When Farinelli plans to leave Spain in act 2, the Queen hands him a jeweled bird in a cage, a gift he attempts to trade to a tailor for a jacket at the end of the play. Set in the treasure trove of an attic in a home in Bologna, Farinelli decides to tear up the last offer he receives from famous English opera producer John Rich (a fantastic Simon Jones) to return to the stage after singing one last song, “Let Me Weep” (“Lascia Ch’io Pianga” from the opera Rinaldo by Handel, arr. Jacob de Haan) for the old tailor’s jacket.
But, it was never Crane, cut sharply in well-tailored gold, who flashed like the jeweled bird in the cage. In fact, had I been blind, I’d never have imagined Crane existed at all. For sitting patiently alone in the darkness, behind the harp, in identical clothing, cutting a slightly less astonishing figure, was the real bird to be wound up, Iestyn Davies. Without the aid of a microphone or even a particularly acoustically friendly building, Davies’ voice stung a sharp line through a crowd which may not have truly appreciated the depth of other worldly skill on display.

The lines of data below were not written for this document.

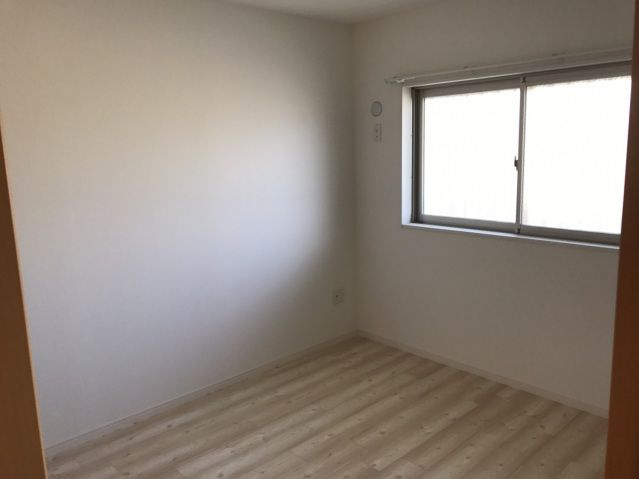 PreciousⅡの内装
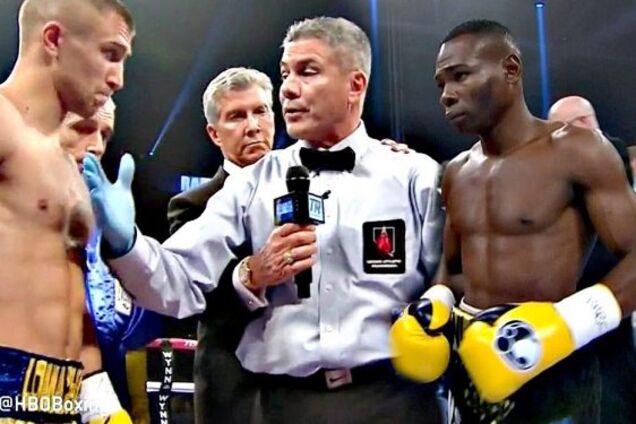 Вася - The Best! Ломаченко - Ригондо: смотреть онлайн трансляцию чемпионского боя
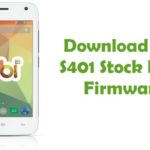 Download OBI S401 Stock ROM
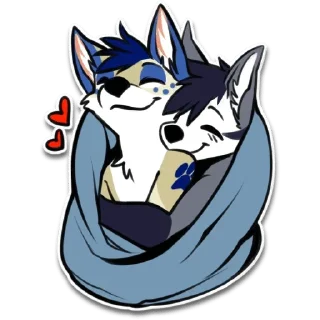 🤗 emoji Kyle favorites @KyleSnaps Telegram sticker 9 of 119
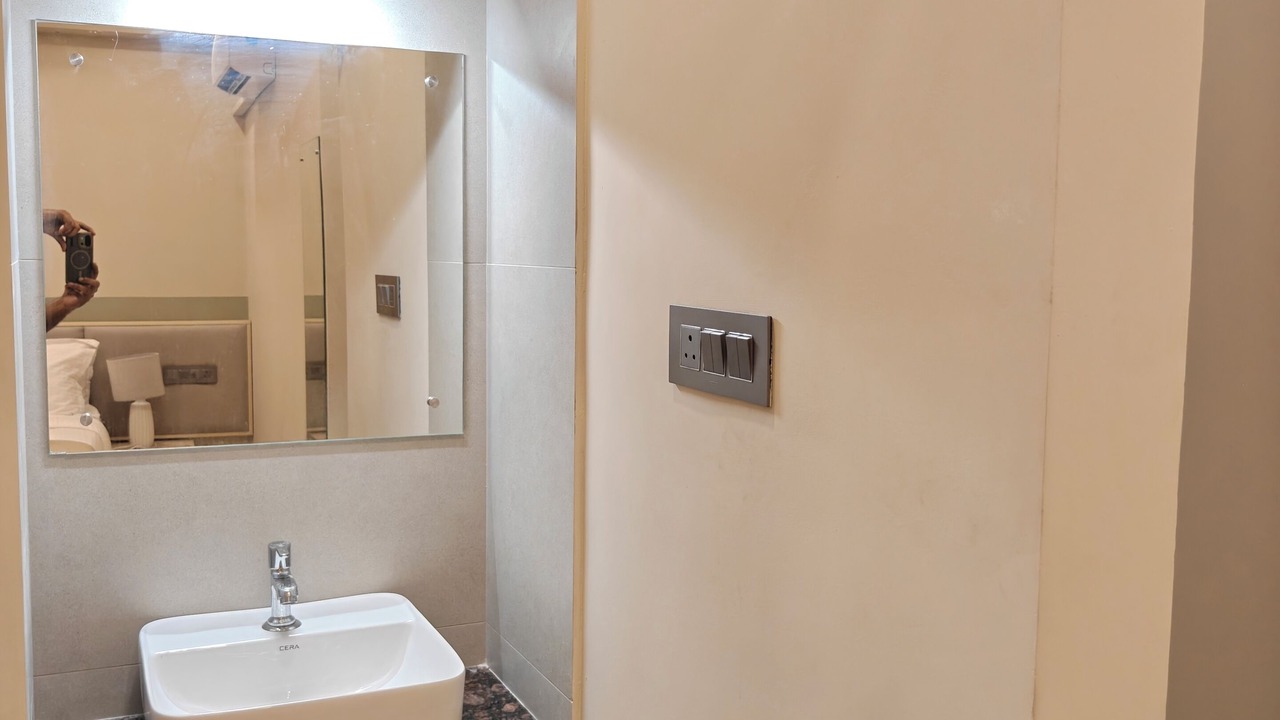 Photo of Bathroom in Edapalli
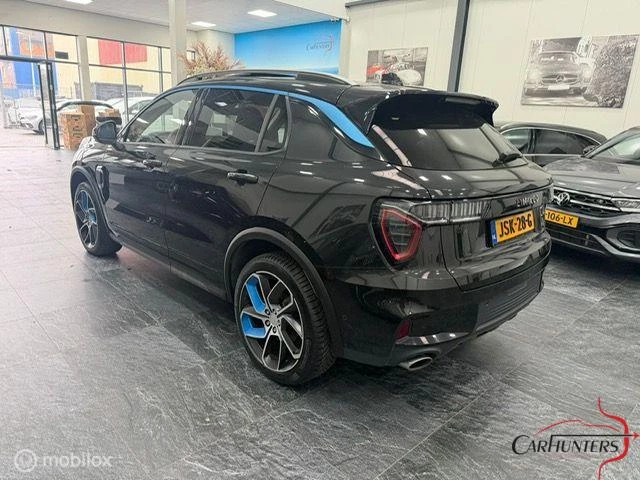 Hoofdafbeelding Lynk & Co 01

Davies was magnificent and yet solemn. He left a tender tear in one’s eye, yet he exited even before a quiet applause would sneak out of the back rows. He showered the stage in confetti, yet there would be no confetti for him. He would only wait off-stage for his cue: much, much more of a bird than the real Farinelli ever was, cast only for his voice—on stage only for his voice. And yet, so perfect, barely able to believe in the songs he sang, for he sang them for a chance at watching someone else live his dream up close. All the passion of this play indeed is held at last fully in his sweet counter-tenor and his stunning “Let Me Weep.”